Hemodynamic Frontiers in Heart Failure Registry

The purpose of the HF2 (Hemodynamic Frontiers in Heart Failure) registry is to collect relevant patient-level demographic, clinical, laboratory, and hemodynamic data from patients implanted with pulmonary artery pressure sensor at participating centers to advance scientific knowledge about ambulatory hemodynamics monitoring and HF (Heart Failure) therapies. The data collected will be used for retrospective studies, quality improvement, identifying research cohorts, and member-initiated research.

Study Overview

• Status: Recruiting
• Conditions: Heart Failure
• Intervention / Treatment: Device: Observational

Detailed Description

Longitudinal, multi-center, and non-interventional registry.
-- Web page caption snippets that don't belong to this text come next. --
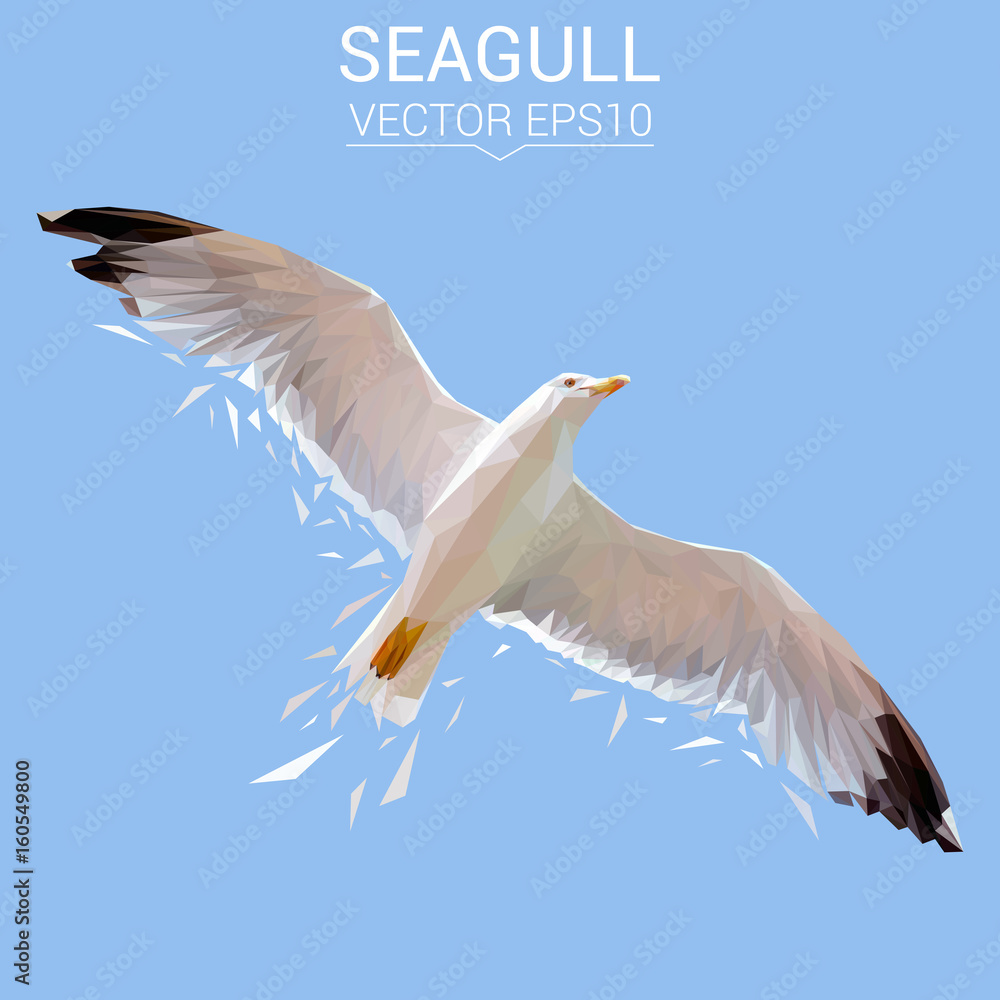 Fototapeta premium Seagull bird low poly design. Triangle vector illustration.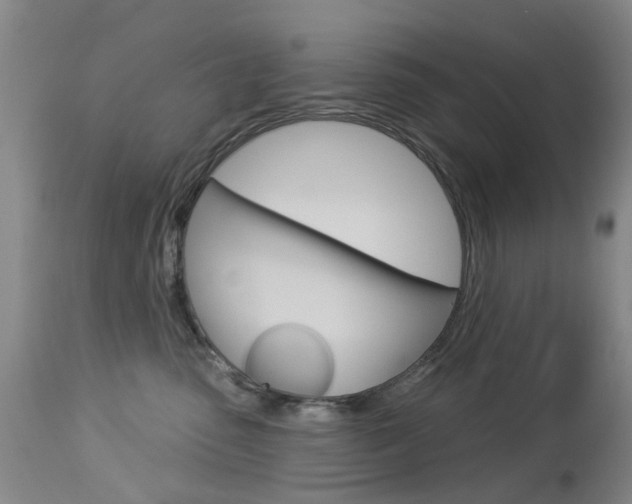 X0000113940475200909250944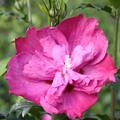 Hibiskus, Eibisch 'Purple Ruffles' (Hibiscus syriacus 'Purple Ruffles')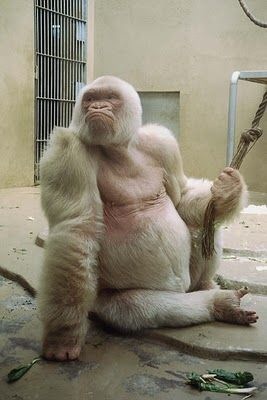 ふてぶてしい動物の画像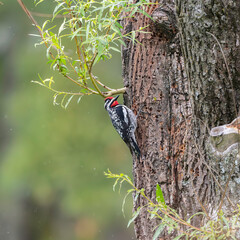 Yellow Bellied Sapsucker on a Willow Tree 
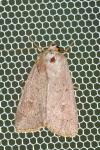 Mythimna ferrago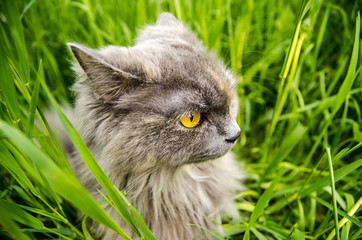 Naklejka na ściany i meble Sullen gray british cat in green grass.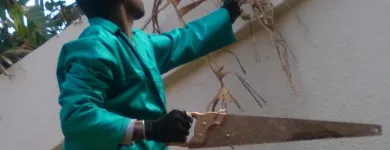 Business 9 image BT HOME STUDIOS Landscaping And Design in Johannesburg GP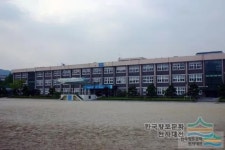 서룡초등학교 - 나무위키 서룡초등학교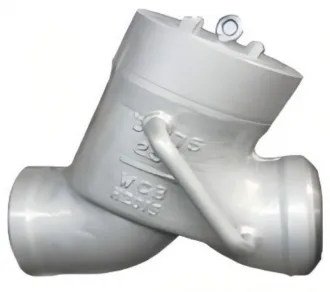 Y-type check valve, check valve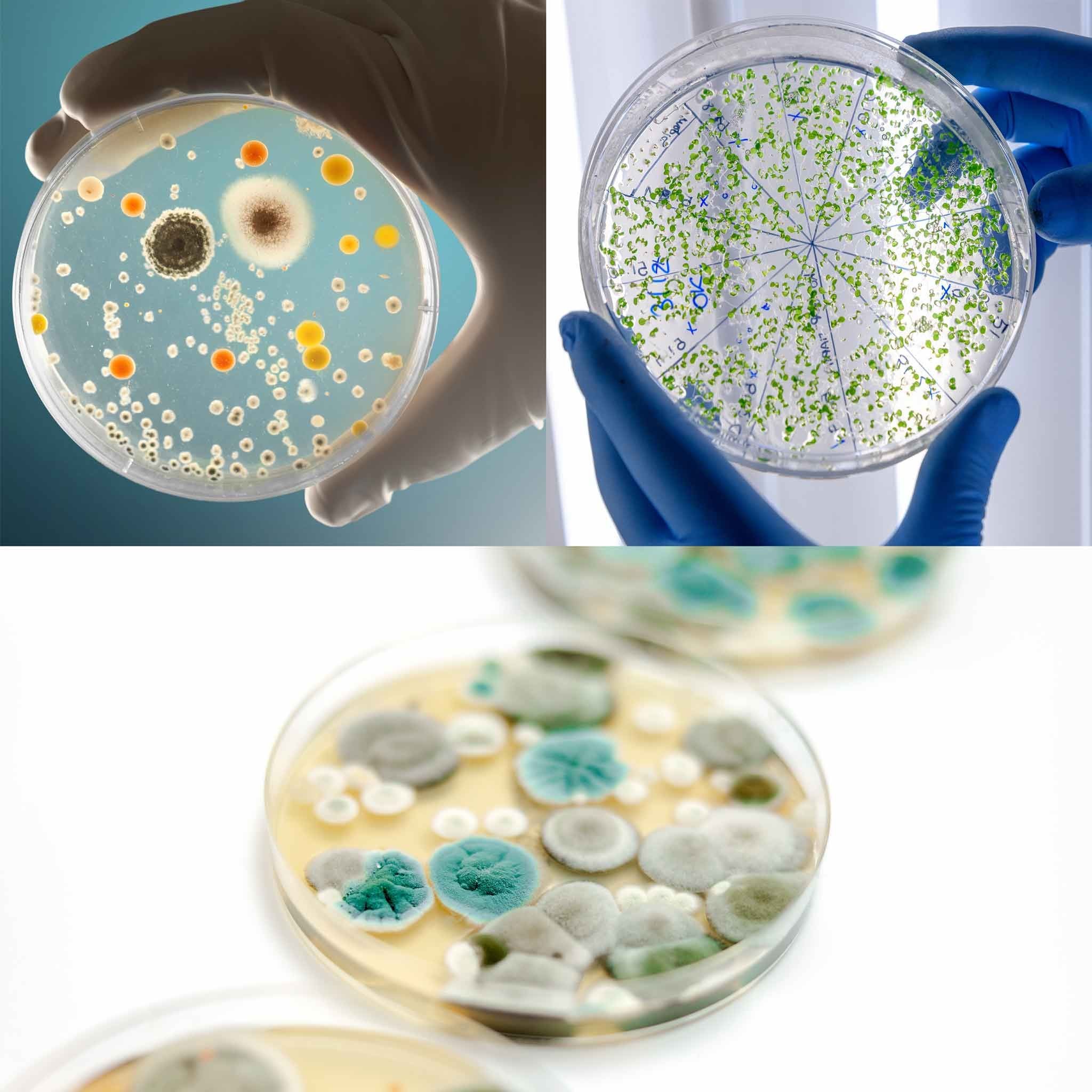 Heebie Jeebies Revolting Science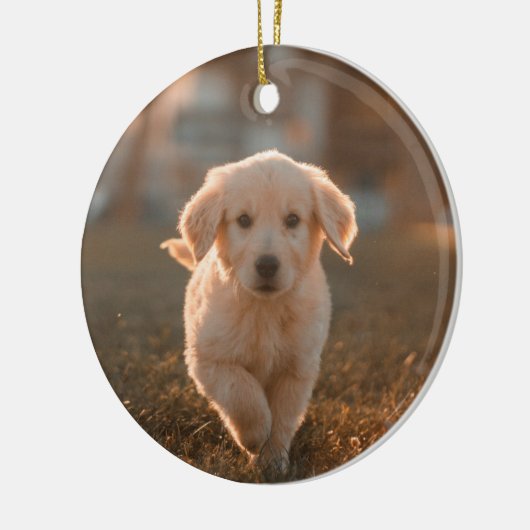 Mijn eerste kerst moderne eenvoudige puppy huisdie keramisch ornament (Links)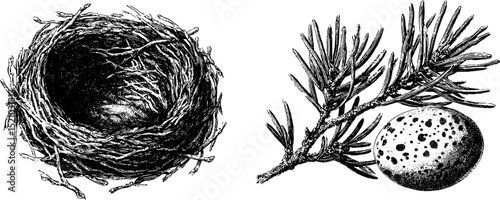 Engraved bird's nest with pine branch and egg for nature or wildlife design projects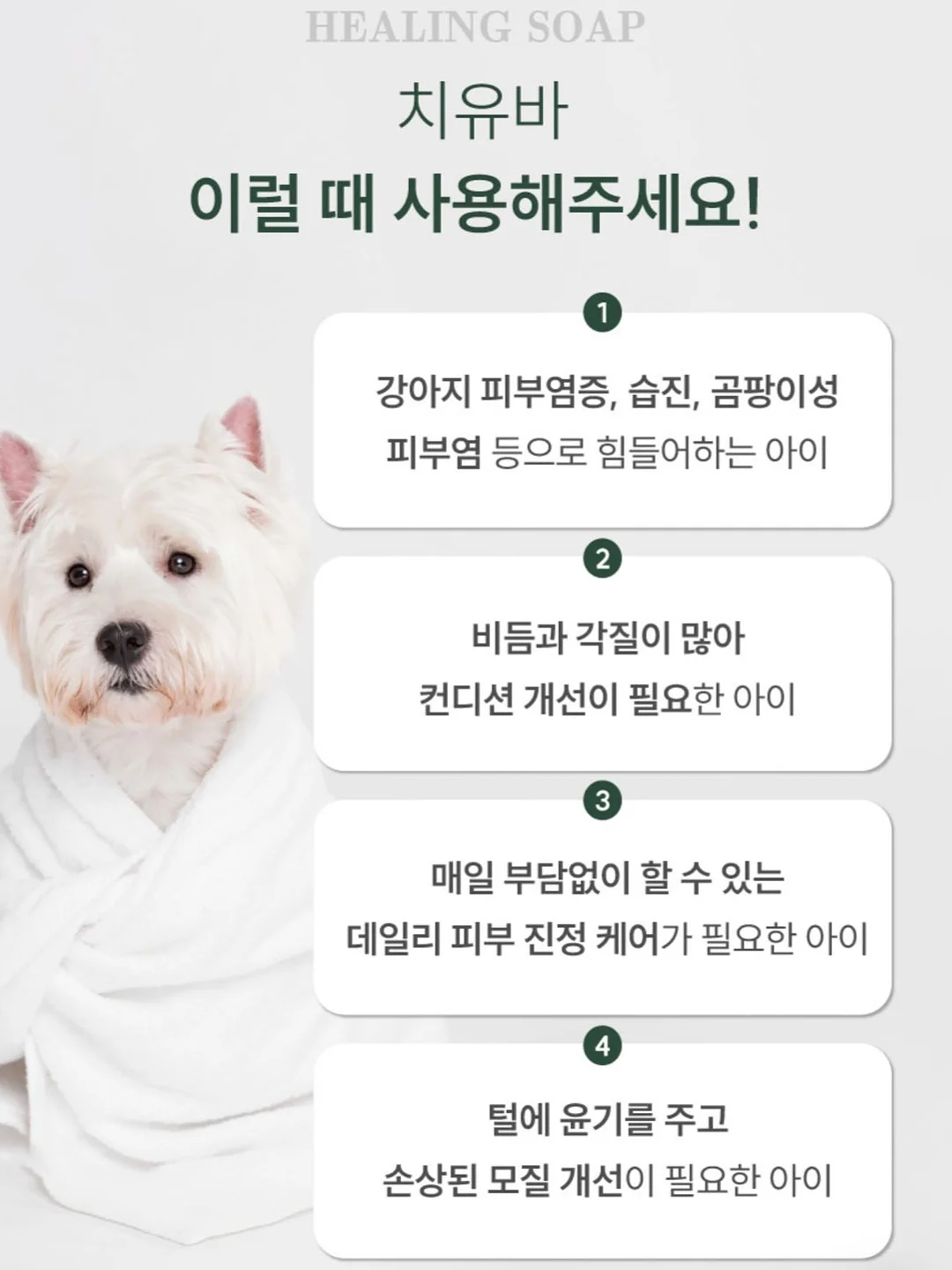 산소라인 11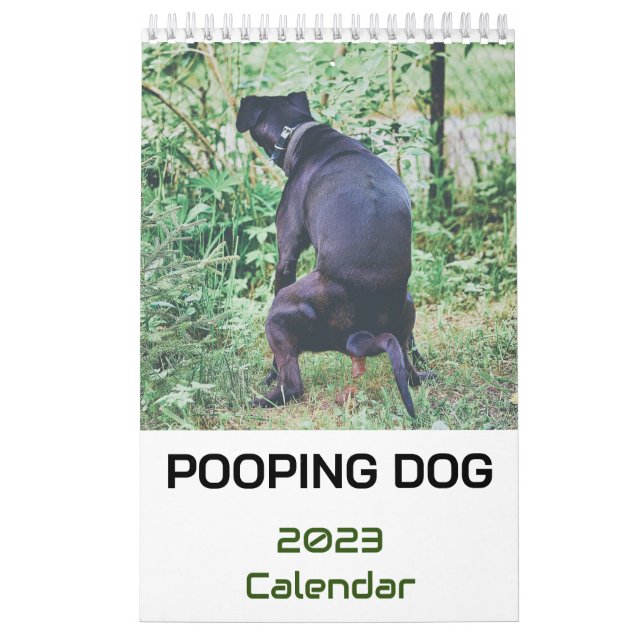 Hund 2023 kalender (Omslag)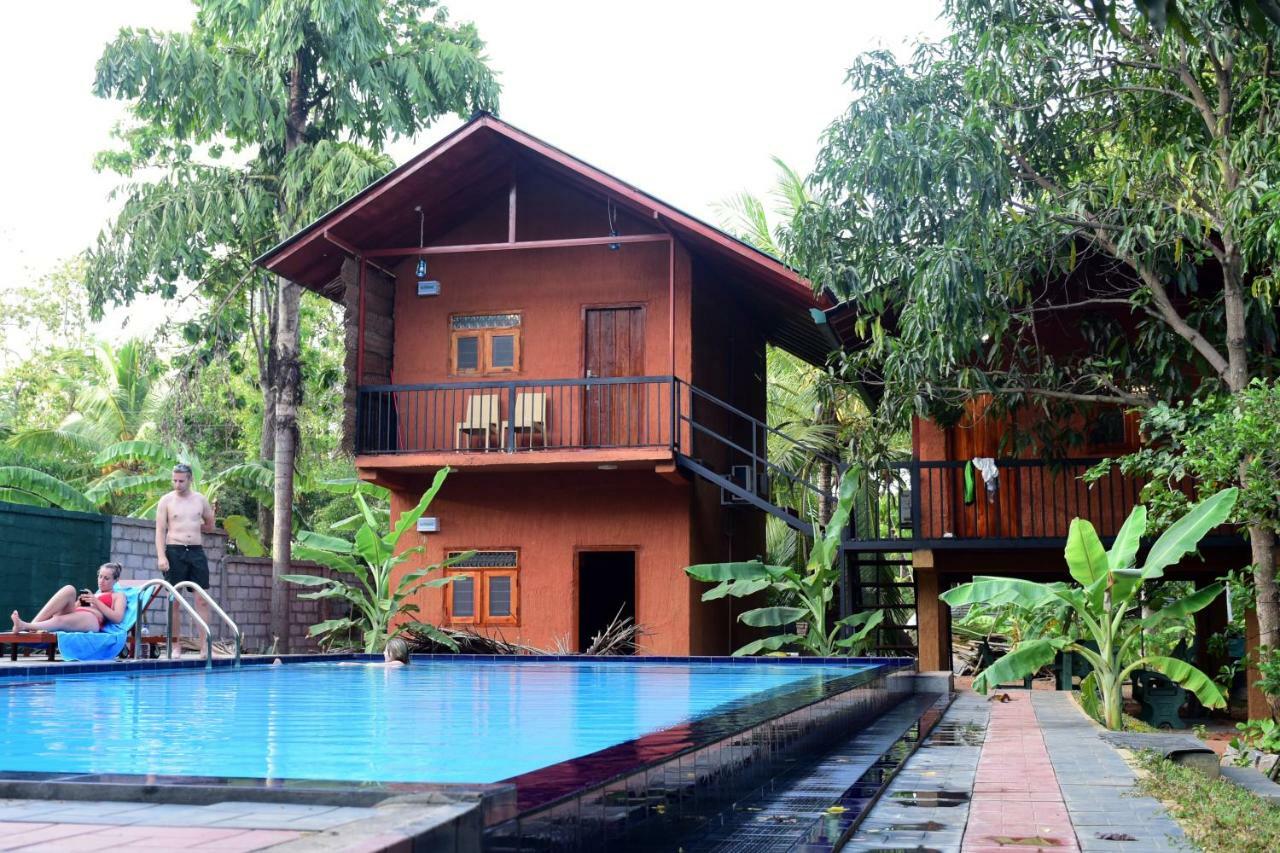 Sun And Green Eco Lodge - דמבולה מראה חיצוני תמונה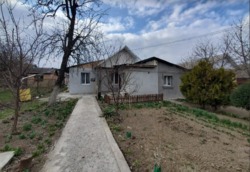 ��������� ������� ����������, ³�����, ³�������, ������ ������� ���� 16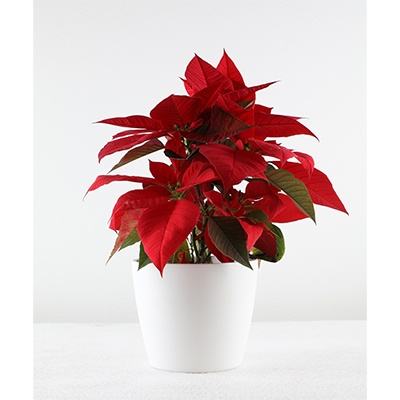  Christmas  Poinsettia:   Red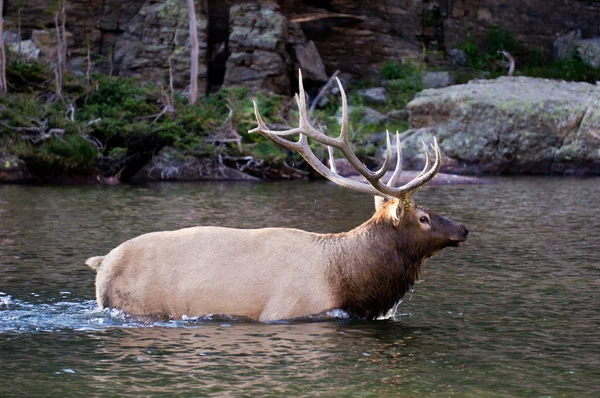 Wadding Elk — Stock Photo, Image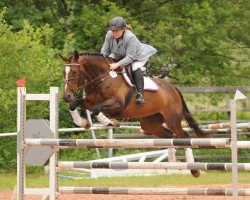 broodmare Deep Reverie (German Warmblood, 1999, from Deep Night xx)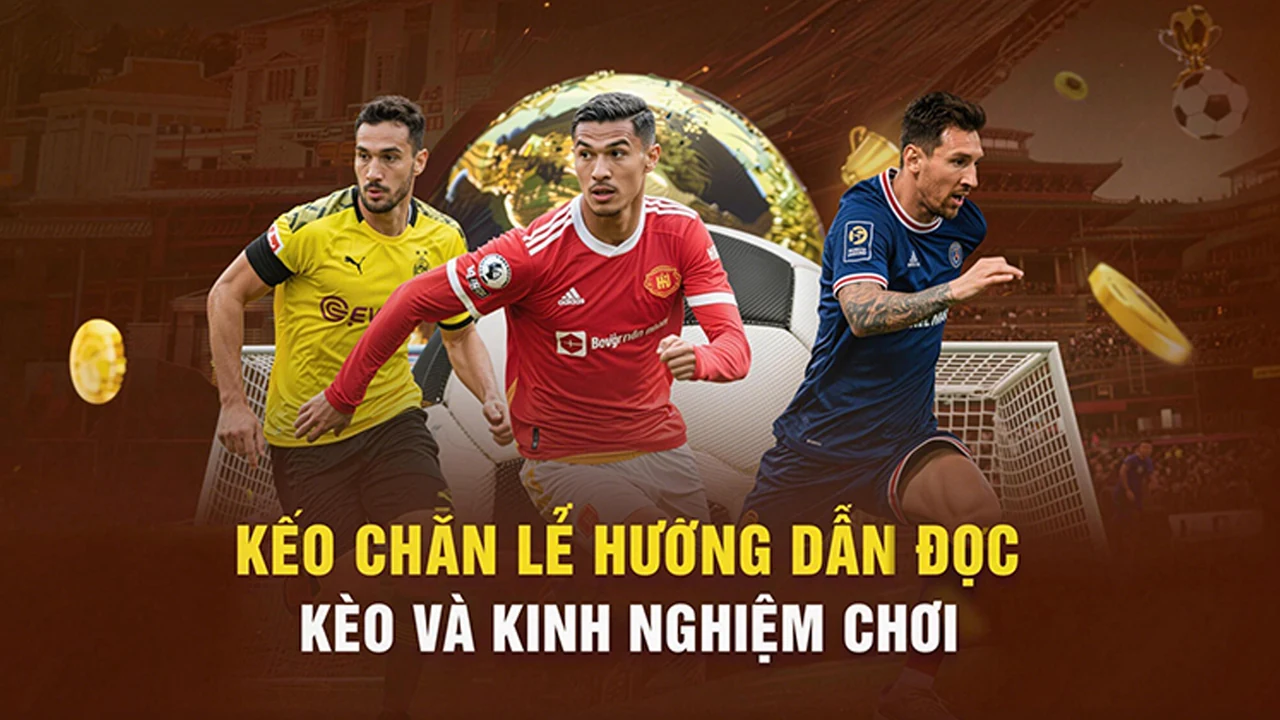 Hướng dẫn đối chiếu thông tin ứng dụng trên di động trên MCW88 qua góc nhìn thực tế | mcw88.love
Patients will be identified as eligible for pulmonary artery pressure sensor implant by a heart failure cardiologist from the heart failure clinic. They will consent for device implant and procedure (right heart catheterization) per standard of care. Patients may also consent to the registry participation, which is optional. They will be informed that the registry intends to gather data and that they may be approached in the future for additional research based on their data and clinical situation. Additionally, patients who underwent pulmonary artery pressure sensor implantation from January 1, 2019, will be identified and consent will be obtained for registry participation, which is optional.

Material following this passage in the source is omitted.